Intel Xe GPU Breakpoints
Breakpoints affect all GPU threads, and cause the program to stop when a thread reaches the breakpoint. Threads of the same sub-group reach the breakpoint together and the kernel pauses once per sub-group.
The number of breakpoints hit in a GPU kernel can be refined using:
Conditional Breakpoints, see Conditional breakpoints.
Hit Limits, see Set breakpoints.
Divergent Execution
Where kernels have divergent execution within a sub-group, GPU threads which are currently in-active (diverge) will not be shown by Linaro DDT.
For example, a divergent if-else statement with a breakpoint set on each branch, will result only in GPU threads stopping at the first breakpoint that satisfy the if-condition. GPU threads which do not satisfy the if-condition will not be shown.
When the first breakpoint has been hit by all GPU threads of a sub-group, the GPU threads will progress to the next branch of the if-else statement, but with the GPU threads who do not satisfy the else-statement condition being hidden.
Attempting to select an in-active GPU thread will result in an error message.
Conditional Breakpoints
Breakpoints can be applied to individual work-item global IDs, work-item local IDs or work-group IDs.

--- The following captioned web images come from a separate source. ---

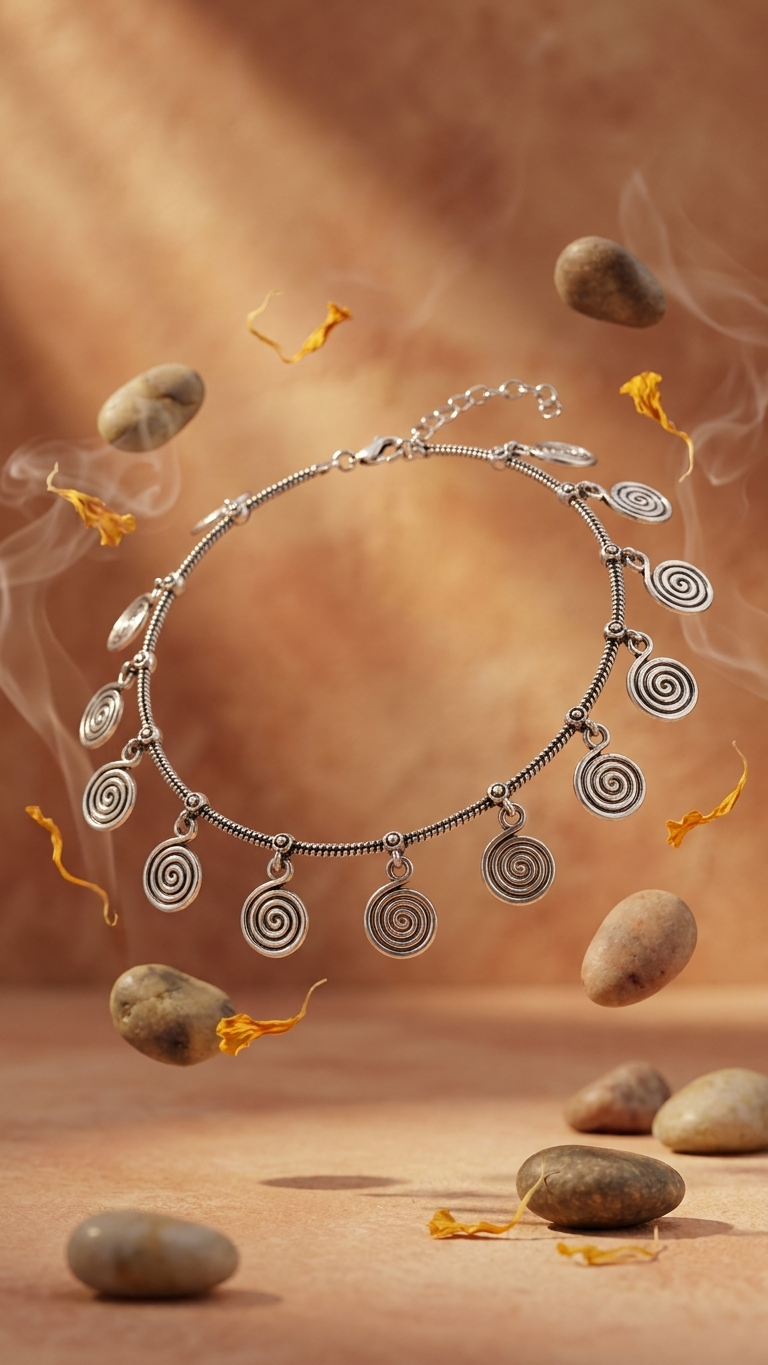 Swirl Elegance Dandiya Anklet Set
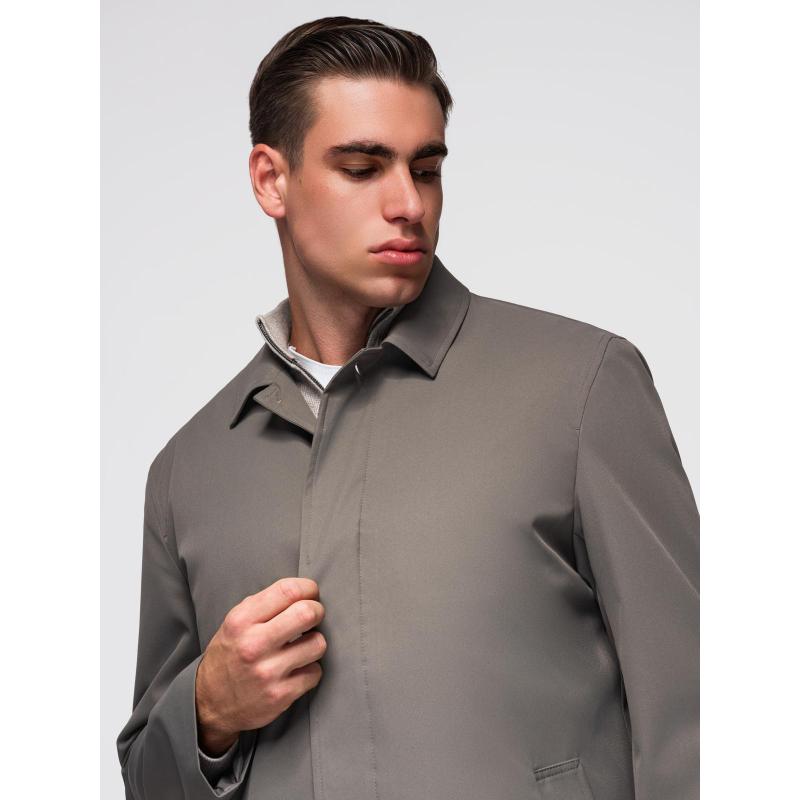 Pánský minimalistický kabát s odnímatelnou vestou – popelový V6 OM-COLC-0139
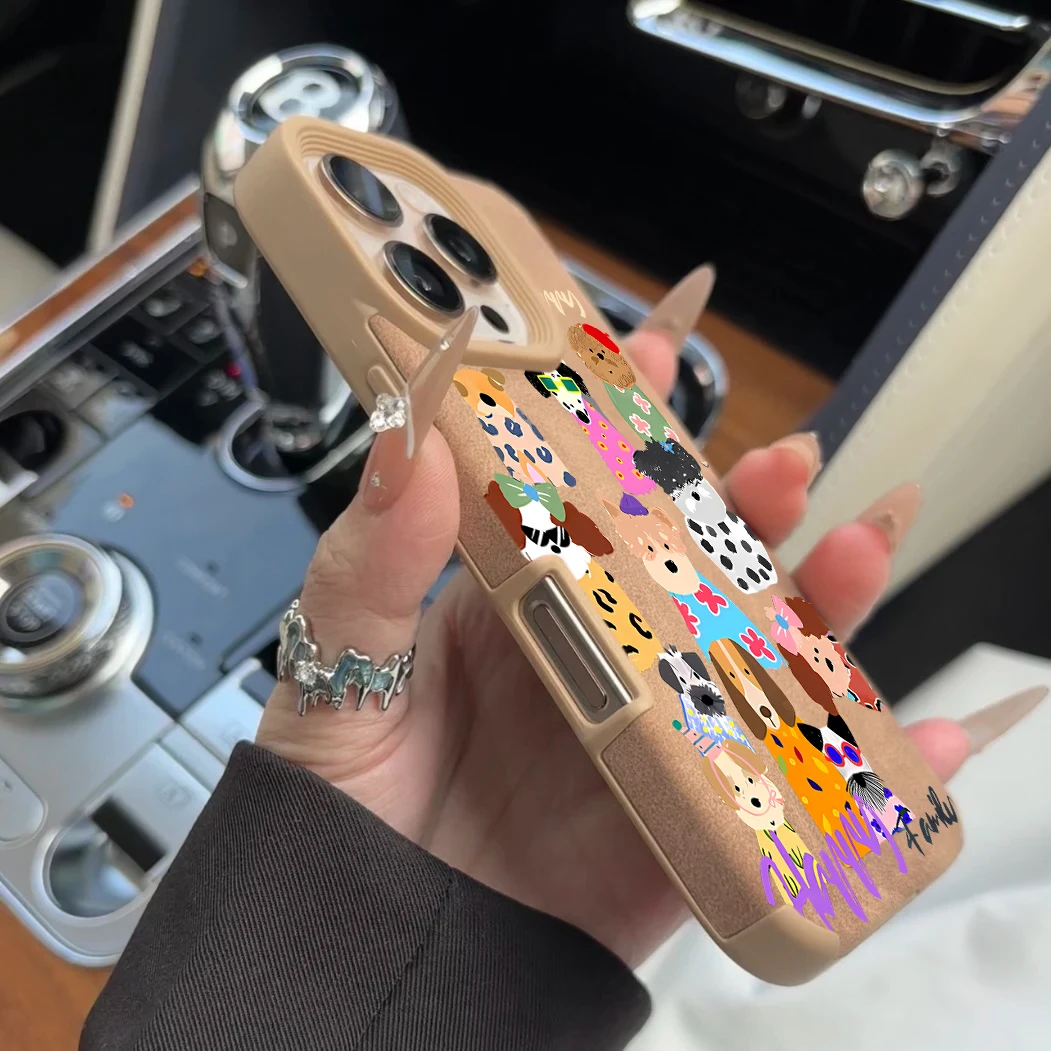 Colorful Cute Dog Executive Fiber Leather Case For iPhone 16 Pro Max 17 15 14 Pro 13 12 11 Pro Max 16E 7 8 Plus Shockproof Funda - view 5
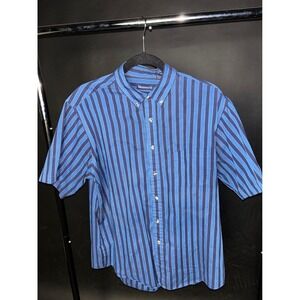 Wentworth Shirt Men Large Blue Striped Polyester Cotton Short Sleeve Button-Down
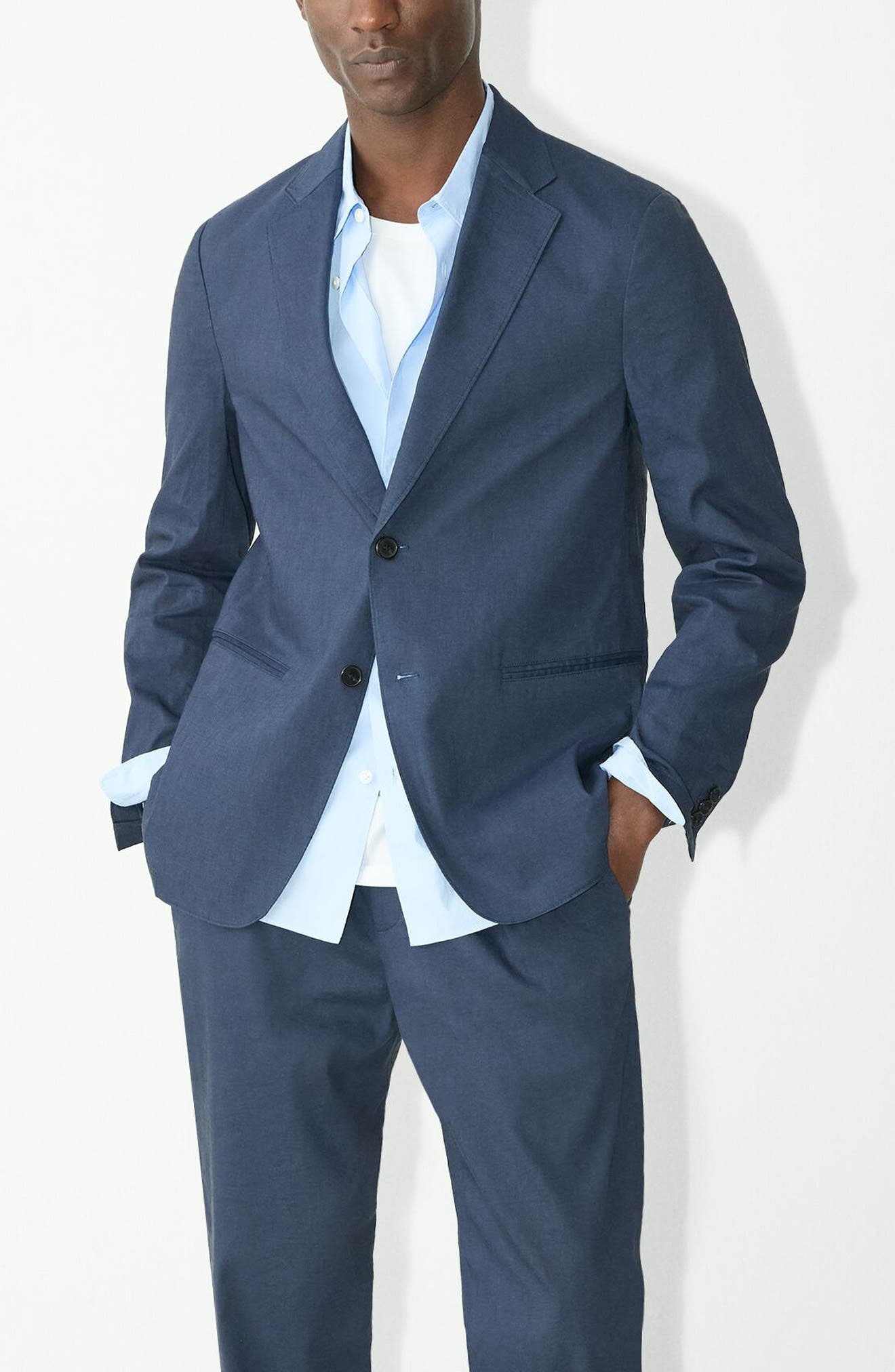 Theory Clinton Navy Stretch Linen Blend Sport Coat in Eclipse at Nordstrom - 7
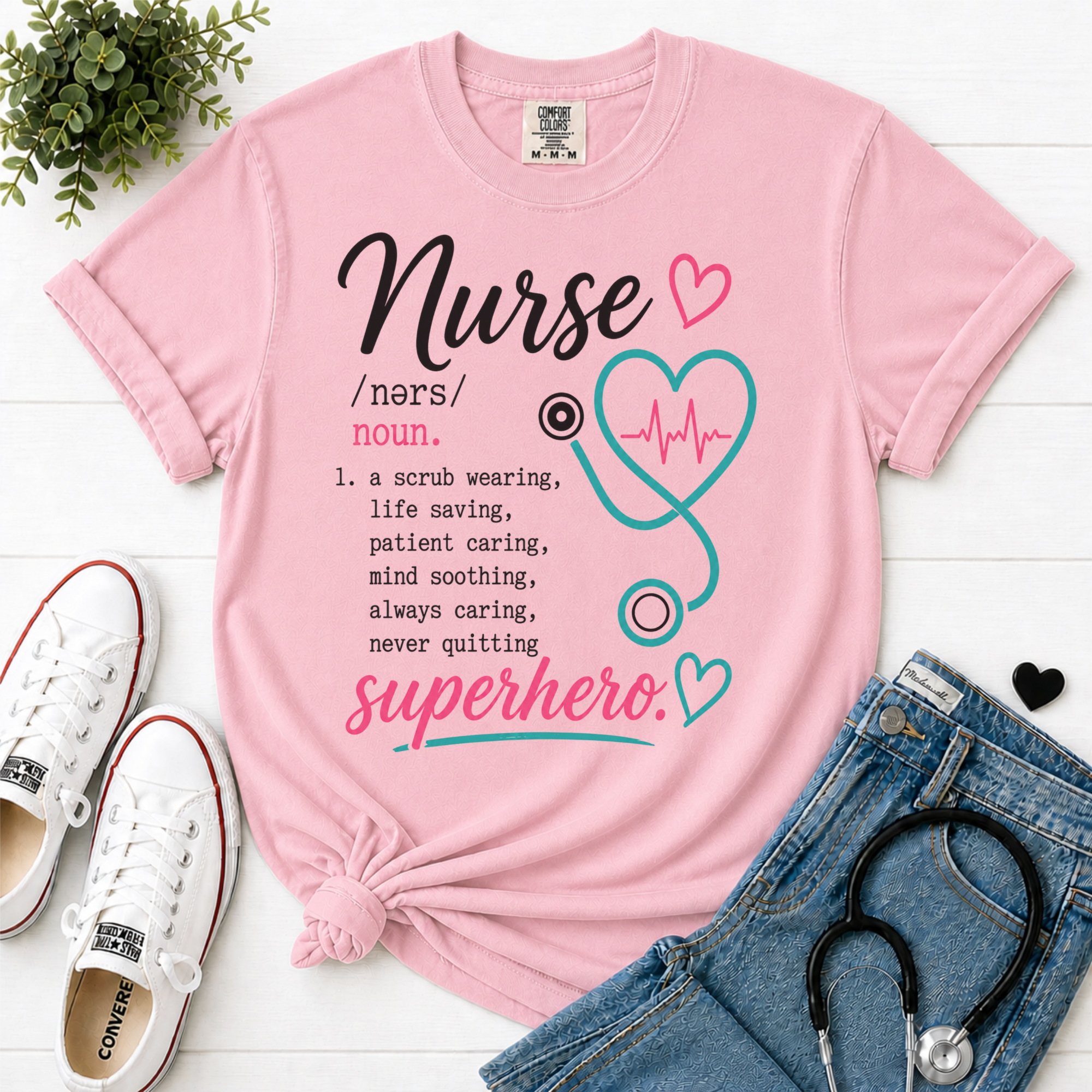 Nurse Superhero flatlay Blossom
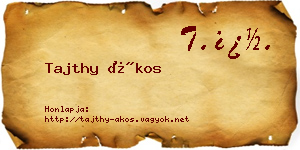 Tajthy Ákos névjegykártya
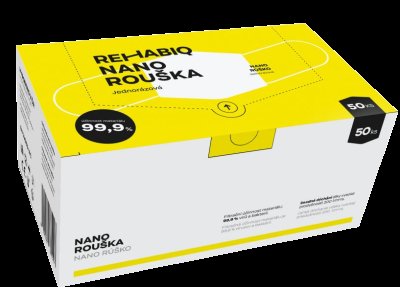 České jednorázové nano roušky Rehabiq s účinností 12 hodin, 50 ks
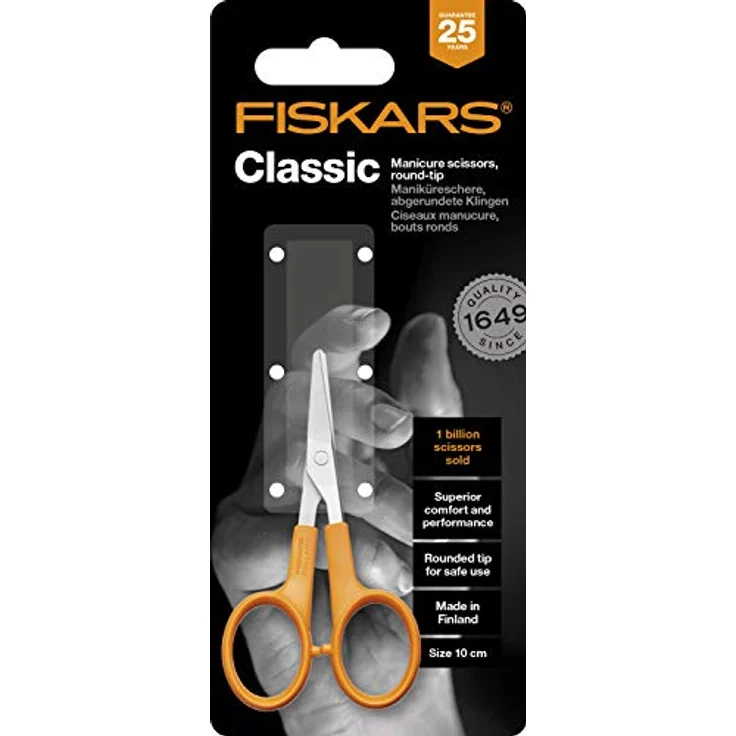 Fiskars Nagelschere Classic, Maniküreschere mit abgerundeten Spitzen, 10 cm, rostfreier Edelstahl, spülmaschinenfest, orange Griff – Bild 2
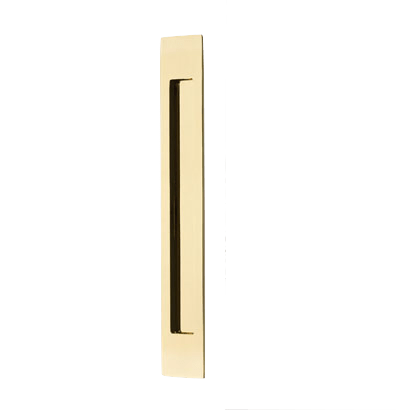Emtek Modern 14" Flush Pull in Unlacquered Brass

To apply breakpoints to individual work-items, based on their global ID use the GDB convenience variable
$_workitem_global_id
.To apply breakpoints to individual work-items, based on their local ID and work-group ID use the GDB convenience variables
$_workitem_local_id
and$_thread_workgroup
respectively.
These GDB convenience variables are 3-dimensional and each dimension can be accessed
using the respective array element, for example $_workitem_global_id[0]
,
$_workitem_local_id[1]
or $_thread_workgroup[2]
.
Example: To apply a breakpoint only to work-item with the global ID <<<4,6,9>>>
use the following condition: $_workitem_global_id[0] == 4 && $_workitem_global_id[1] == 6 && $_workitem_global_id[2] == 9
.
Please note that the global work-item ID might be transposed.
Note
Breakpoints of GPU threads are reported in the order they are scheduled on Execution Units (EU).
Due to internal GPU thread scheduling behavior, it might take a significant amount of time until a conditional breakpoint is hit.